Provided material:
********

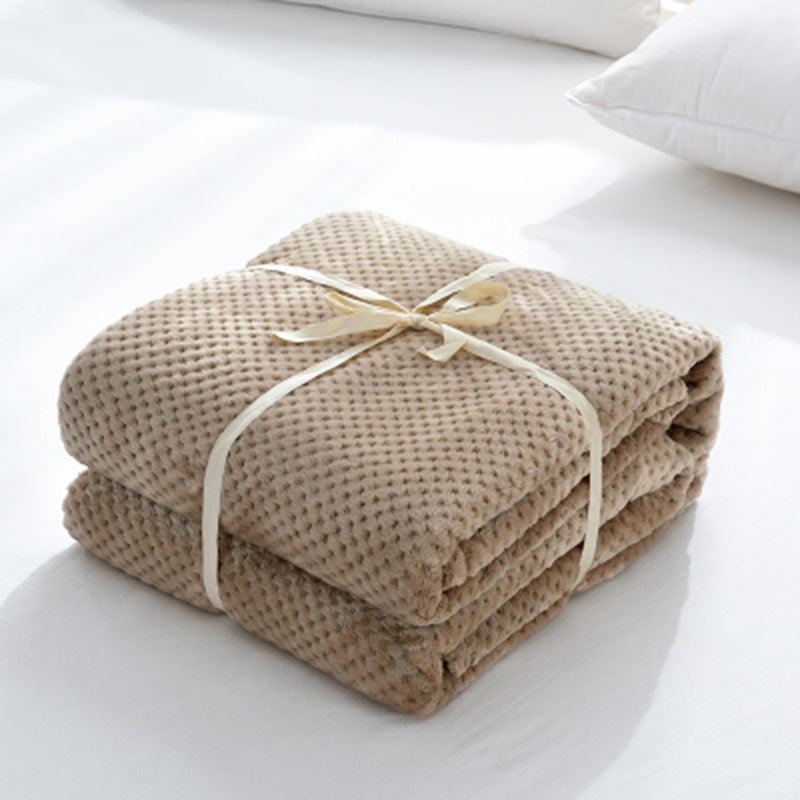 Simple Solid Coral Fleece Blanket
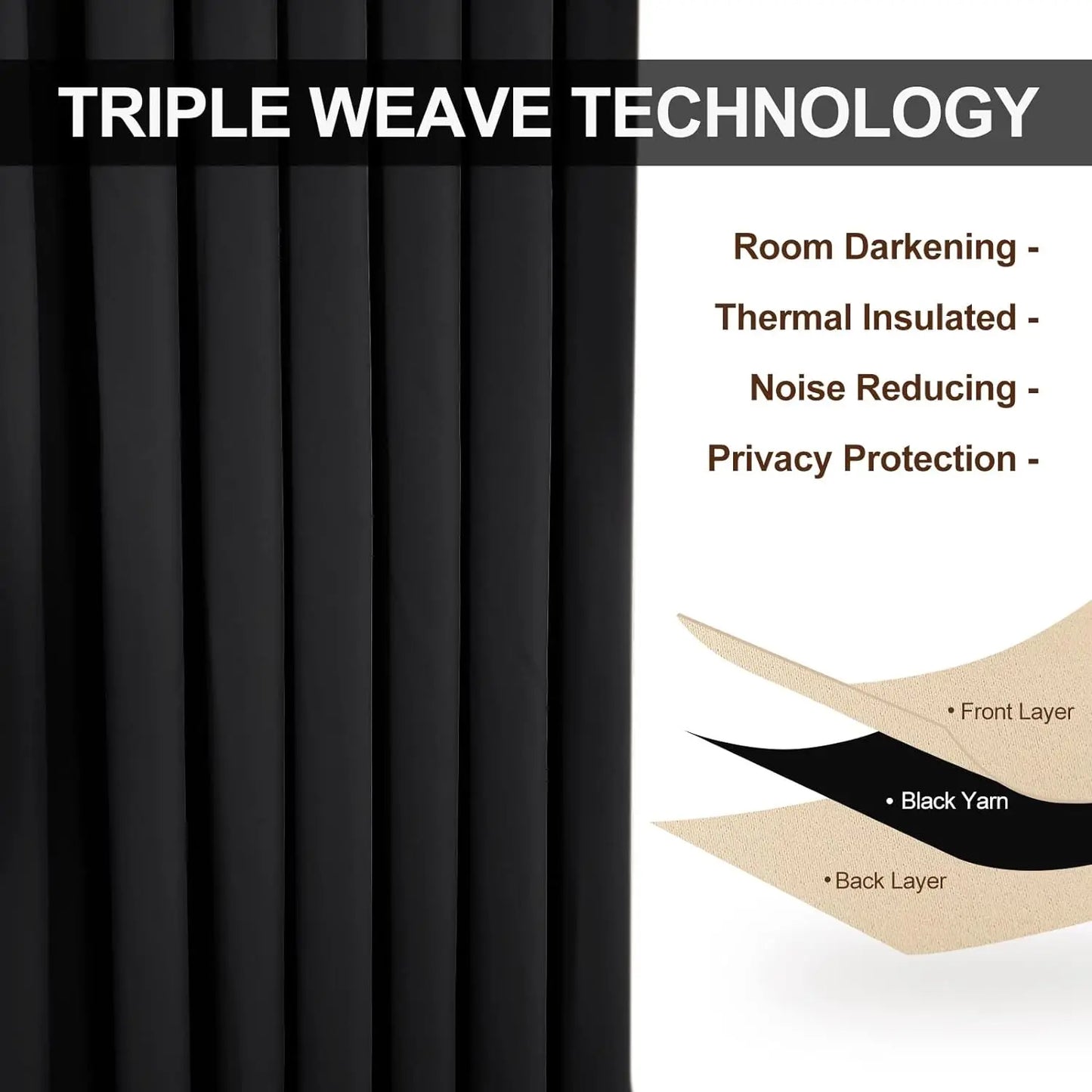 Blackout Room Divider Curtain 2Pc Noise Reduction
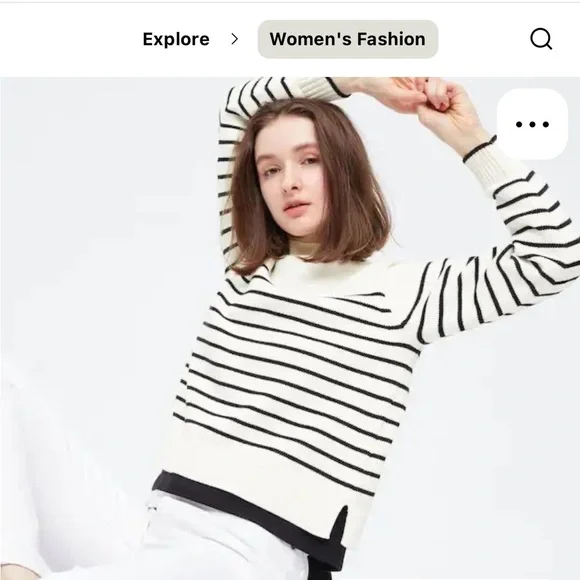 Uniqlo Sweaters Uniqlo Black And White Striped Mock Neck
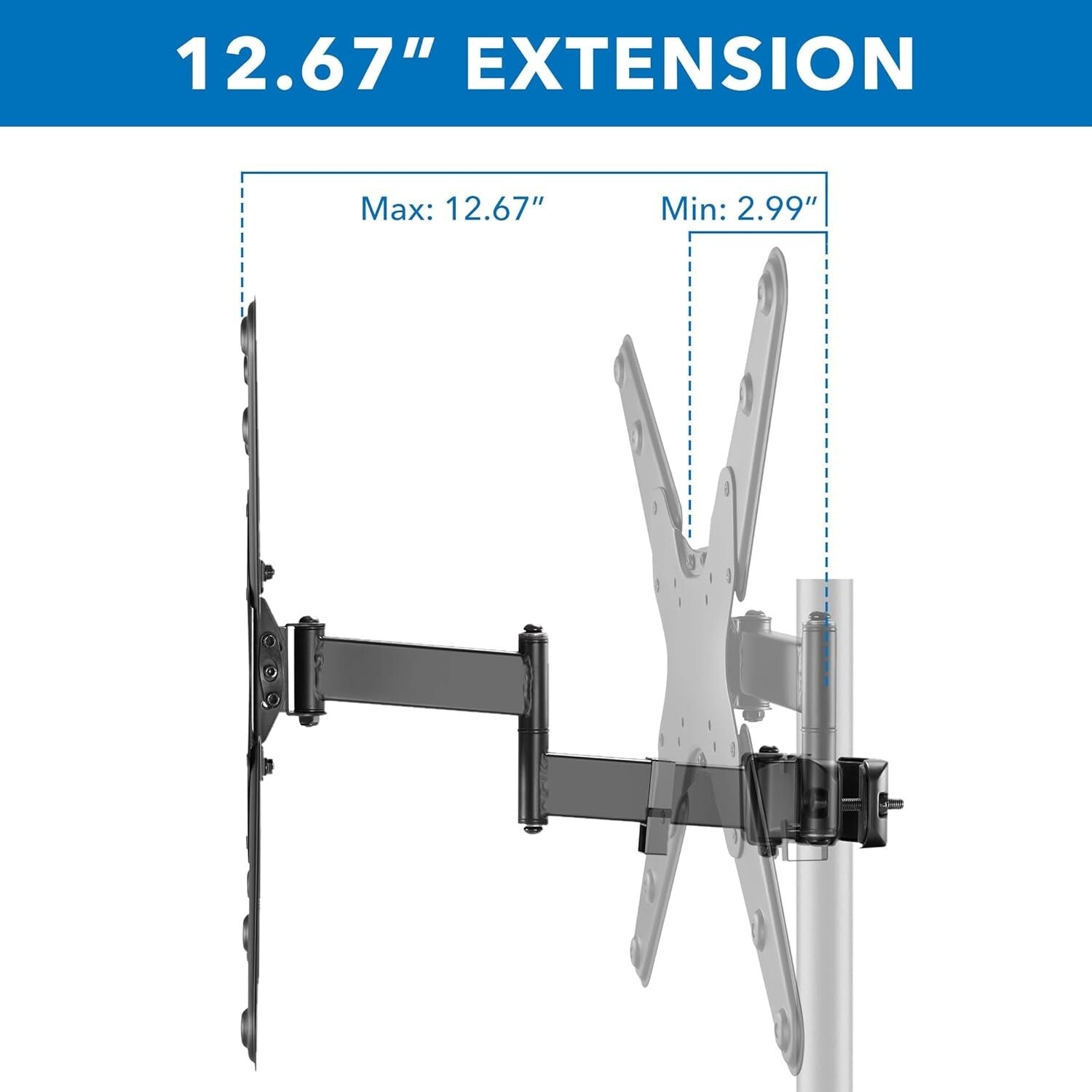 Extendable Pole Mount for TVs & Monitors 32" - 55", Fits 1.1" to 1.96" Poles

********

Instructions for the task: Reproduce the listing exactly. Leave its pictures out.

Answer to this exercise:
 Simple Solid Coral Fleece Blanket
 Blackout Room Divider Curtain 2Pc Noise Reduction
 Uniqlo Sweaters Uniqlo Black And White Striped Mock Neck
 Extendable Pole Mount for TVs & Monitors 32" - 55", Fits 1.1" to 1.96" Poles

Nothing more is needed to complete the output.